• Task prompt
A faithful copy is required: transcribe each line below exactly, minus the pictures.

• Available data
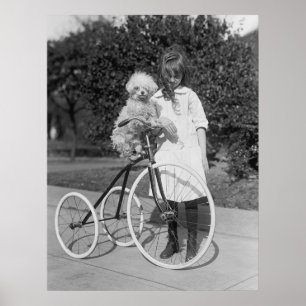 Affiches Poodle Perch, 1913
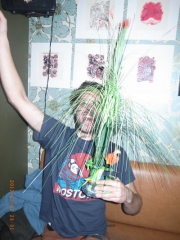 www.diary.mathieuroquigny.com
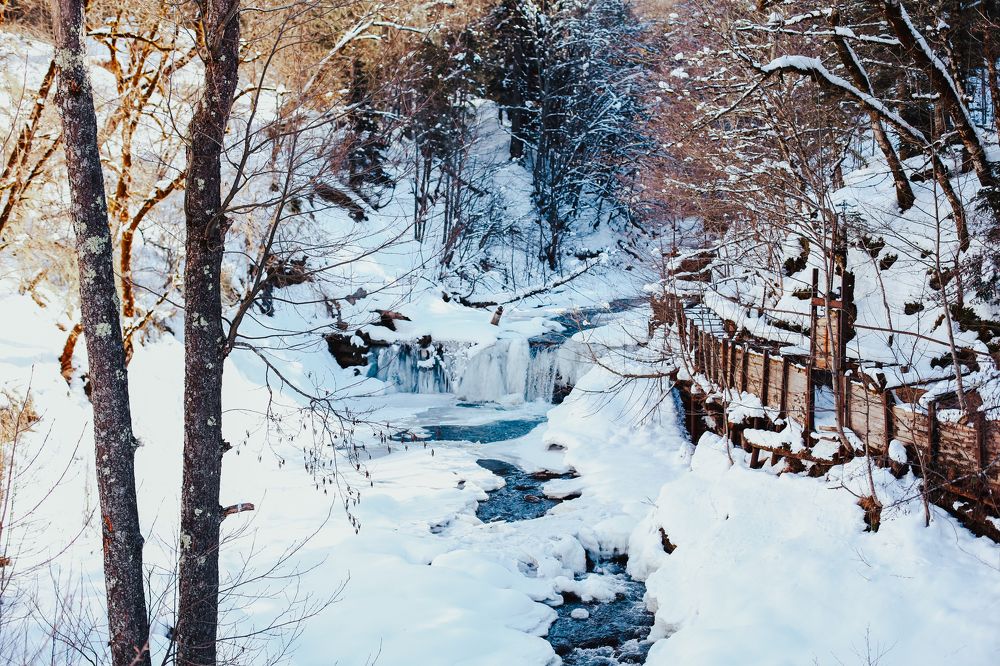 Photograph by Юлия Назарова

• Answer to the exercise
 Affiches Poodle Perch, 1913
 www.diary.mathieuroquigny.com
 Photograph by Юлия Назарова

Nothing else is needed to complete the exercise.